As we all know, somehow we have to deal with high oil prices. One of the best ways and possibly easier ways is to switch to fuels such as hydrogen fuel. Sometime this year one German car manufacturer has promised to have a hydrogen fuel auto in its showrooms for sale to customers. Wonder if this has been called off due to the big downturn in the worldwide economy?
Hydrogen fuel cell cars are the answer to decreased nitrogen oxide emissions, and the best thing about them is that they use a renewable energy source that will always be readily available. This fuel will become viable when produced by a source of electrical energy not derived from carbon fuel consumption.
We already use fuel cell batteries for commercial video cameras. With the fuel cell tech there is zero-emissions fuel, releasing only water into the atmosphere as a waste product. One of the biggest disadvantages of hydrogen fuel cell cars is the way that hydrogen is produced.
Creating affordable hydrogen fuel cells: Fuel cells are now ten times more expensive than internal combustion engines. To create free hydrogen fuel at the flick of a switch, just add water to the station’s tank. Because they are not popular, it would take a lot of serious engineering to get the cost down from its present levels to where it can be a viable solution for the replacement of the fossil fuels that are now being used worldwide. As soon as this comes about, well quite possibly it will be bye-bye to the fossil fuels.
Hydrogen fuel cells produce a clean byproduct, pure water. These fuel cells power the shuttles electrical systems, producing pure water, which is used by the crew as drinking water. The fuel cells are very efficient and produce only water as a by-product, but they present problem, they are very expensive to build.
Most of the fuel cell cars require electric motors in order to work. The fueling stations are an essential component to the success of future hydrogen cars running upon the highways. The fuel cells create electricity to power cars without any pollution. These fuel cell cars are the answer to decreased nitrogen oxide emissions, and the best thing about them is that they use a renewable energy source that will always be readily available.
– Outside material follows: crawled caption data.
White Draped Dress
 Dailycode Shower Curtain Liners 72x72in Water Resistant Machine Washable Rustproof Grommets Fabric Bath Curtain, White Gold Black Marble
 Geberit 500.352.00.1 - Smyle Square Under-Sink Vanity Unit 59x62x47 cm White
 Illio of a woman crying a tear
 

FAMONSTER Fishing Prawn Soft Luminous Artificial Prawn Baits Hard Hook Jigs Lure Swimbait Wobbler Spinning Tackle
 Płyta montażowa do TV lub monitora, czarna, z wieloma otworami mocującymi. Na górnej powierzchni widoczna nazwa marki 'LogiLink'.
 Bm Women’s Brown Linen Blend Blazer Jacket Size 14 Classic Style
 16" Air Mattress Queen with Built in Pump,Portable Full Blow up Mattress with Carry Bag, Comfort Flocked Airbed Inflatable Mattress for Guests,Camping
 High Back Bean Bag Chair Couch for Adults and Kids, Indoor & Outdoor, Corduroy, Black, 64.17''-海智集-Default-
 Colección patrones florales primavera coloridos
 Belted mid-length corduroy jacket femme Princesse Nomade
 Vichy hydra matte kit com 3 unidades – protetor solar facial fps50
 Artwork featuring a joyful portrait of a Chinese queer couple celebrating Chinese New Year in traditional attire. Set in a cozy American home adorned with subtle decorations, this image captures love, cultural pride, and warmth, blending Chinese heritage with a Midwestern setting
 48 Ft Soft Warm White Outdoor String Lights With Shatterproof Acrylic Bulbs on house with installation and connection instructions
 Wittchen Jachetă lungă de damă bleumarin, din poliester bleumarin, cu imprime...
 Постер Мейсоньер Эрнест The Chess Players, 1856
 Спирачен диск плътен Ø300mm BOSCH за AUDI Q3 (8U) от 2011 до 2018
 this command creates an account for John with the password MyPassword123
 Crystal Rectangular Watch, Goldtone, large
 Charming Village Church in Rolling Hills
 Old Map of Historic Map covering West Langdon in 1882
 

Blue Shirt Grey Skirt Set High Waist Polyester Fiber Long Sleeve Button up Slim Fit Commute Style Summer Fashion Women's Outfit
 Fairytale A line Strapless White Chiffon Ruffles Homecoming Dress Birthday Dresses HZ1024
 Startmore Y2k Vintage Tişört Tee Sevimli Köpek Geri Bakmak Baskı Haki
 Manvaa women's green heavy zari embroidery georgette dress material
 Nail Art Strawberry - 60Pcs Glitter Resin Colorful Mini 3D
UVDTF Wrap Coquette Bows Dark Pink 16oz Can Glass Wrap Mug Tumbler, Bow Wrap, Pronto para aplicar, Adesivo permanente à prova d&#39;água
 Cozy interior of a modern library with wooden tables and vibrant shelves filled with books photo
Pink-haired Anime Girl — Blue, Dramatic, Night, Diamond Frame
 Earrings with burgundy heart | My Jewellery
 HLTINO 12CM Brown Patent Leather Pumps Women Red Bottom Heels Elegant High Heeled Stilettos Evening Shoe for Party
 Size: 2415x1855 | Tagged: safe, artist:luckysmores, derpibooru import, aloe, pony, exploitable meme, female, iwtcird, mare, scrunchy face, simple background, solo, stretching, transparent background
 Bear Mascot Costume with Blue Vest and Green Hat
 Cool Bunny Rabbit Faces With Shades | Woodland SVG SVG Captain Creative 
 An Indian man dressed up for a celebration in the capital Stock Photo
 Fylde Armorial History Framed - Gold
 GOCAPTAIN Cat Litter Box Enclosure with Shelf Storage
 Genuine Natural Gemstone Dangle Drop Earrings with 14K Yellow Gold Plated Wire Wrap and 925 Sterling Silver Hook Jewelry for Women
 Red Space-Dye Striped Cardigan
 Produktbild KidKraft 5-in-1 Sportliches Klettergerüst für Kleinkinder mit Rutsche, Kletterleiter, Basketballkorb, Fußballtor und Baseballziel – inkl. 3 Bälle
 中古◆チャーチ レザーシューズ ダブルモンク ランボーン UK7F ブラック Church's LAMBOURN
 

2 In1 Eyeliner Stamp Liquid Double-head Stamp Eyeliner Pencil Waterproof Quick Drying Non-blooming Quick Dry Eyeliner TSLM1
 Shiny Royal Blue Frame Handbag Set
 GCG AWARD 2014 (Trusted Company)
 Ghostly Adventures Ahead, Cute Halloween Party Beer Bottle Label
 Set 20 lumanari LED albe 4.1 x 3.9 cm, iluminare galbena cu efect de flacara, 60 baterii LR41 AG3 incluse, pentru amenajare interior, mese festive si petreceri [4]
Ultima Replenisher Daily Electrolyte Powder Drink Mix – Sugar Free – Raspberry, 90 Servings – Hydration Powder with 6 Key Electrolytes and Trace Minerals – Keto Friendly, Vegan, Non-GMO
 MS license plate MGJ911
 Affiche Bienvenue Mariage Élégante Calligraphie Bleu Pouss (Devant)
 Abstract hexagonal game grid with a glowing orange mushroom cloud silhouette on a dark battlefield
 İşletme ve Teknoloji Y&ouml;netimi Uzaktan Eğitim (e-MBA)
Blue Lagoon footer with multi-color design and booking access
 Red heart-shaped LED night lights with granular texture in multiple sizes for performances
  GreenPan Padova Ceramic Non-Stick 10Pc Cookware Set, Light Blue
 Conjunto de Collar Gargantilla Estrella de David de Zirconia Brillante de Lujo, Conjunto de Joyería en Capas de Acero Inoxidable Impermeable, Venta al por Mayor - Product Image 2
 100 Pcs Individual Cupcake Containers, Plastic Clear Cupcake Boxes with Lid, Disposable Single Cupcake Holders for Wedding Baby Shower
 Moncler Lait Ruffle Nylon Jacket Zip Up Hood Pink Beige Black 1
Hydrogen fuel was considered extensively during the hydrogen economy debades of the 1970s and 1980s. Hydrogen fuel has much potential, but it takes more energy to create it as compared to the extraction, refinement, and distribution of petroleum products.
One car uses hydrogen fuel cells and the other car uses an internal combustion engine (ICE) to burn hydrogen. There are many issues that need to be worked out with hydrogen fueling stations as they relate to hydrogen car technology. Issues of storage, containment, delivery and safety all need to be addressed before hydrogen fuel stations become commonplace in the consumer market.
Besides commercial fueling stations, the future may hold that home hydrogen fueling stations will become commonplace. Under the President’s hydrogen fuel initiative, the first car driven by a child born today quite possibly could be powered by fuel cells. Through the hydrogen fuel initiative, the federal government, automakers and energy companies will work together to overcome the technological and financial barriers to the successful development of commercially viable, emissions-free fuel cell vehicles that require no foreign oil.
The hydrogen fuel initiative seeks to lower that cost enough to make fuel cell cars cost-competitive with conventional gasoline-powered vehicles by 2010; and to advance the methods of producing hydrogen from renewable resources, nuclear energy, and even coal.
In 2002, President Bush launched Freedom CAR, a partnership with automakers to advance high-technology research needed to produce practical, affordable hydrogen fuel cell vehicles that American consumers will want to buy and drive. To create free hydrogen fuel at the flick of a switch, just add water to the station’s tank.
Quite possibly within the next decade the hydrogen fueled autos will become common place vehicles here in the USA and all over the world. It really depends on whether or not the engineering and innovation continues. As we can all attest, the moment the fuel prices came down a few years back. Here came the gas guzzlers back on the market and they sold like hotcakes for a time.
Then we come to the present worldwide situation and here we are again basically the same as four or five years ago. At the present time will we see the innovation pace slow as before? The jury is still out, so we will have to wait and see on this one.
Jimmy Woodall has 49 years business experience. He does internet, niche and Affiliate mktg. Visit his Hydrogen Fuel website at: [jwoodl.com/hydrogen-fuel] there are articles, videos and news feeds on the subject.
Article Source: EzineArticles.com
This is a video of a 1 megawatt Fuel Cell Power Plant at California State University, Northridge, in Los Angeles, CA. The power plant has a reformer that separates hydrogen from natural gas and then feeds the hydrogen into a fuel cell, generating electricity. The plant also recovers the heat generated and uses it for domestic heating on campus. In the future, some of the carbon emitted will be sequestered in a sub-tropical rainforest that is under construction.
While at present this power plant still uses fossil fuels (the natural gas is needed in order to extract the hydrogen from it), in the future the hydrogen will be generated either from landfill gas, or else it will be electrolyzed using wind, solar, geothermal, wave or hydroelectric energy. What is most important and exciting about this plant is the fact that it is using fuel cells–touted to be the future of electricity generation–today, and they are working seamlessly on a large scale.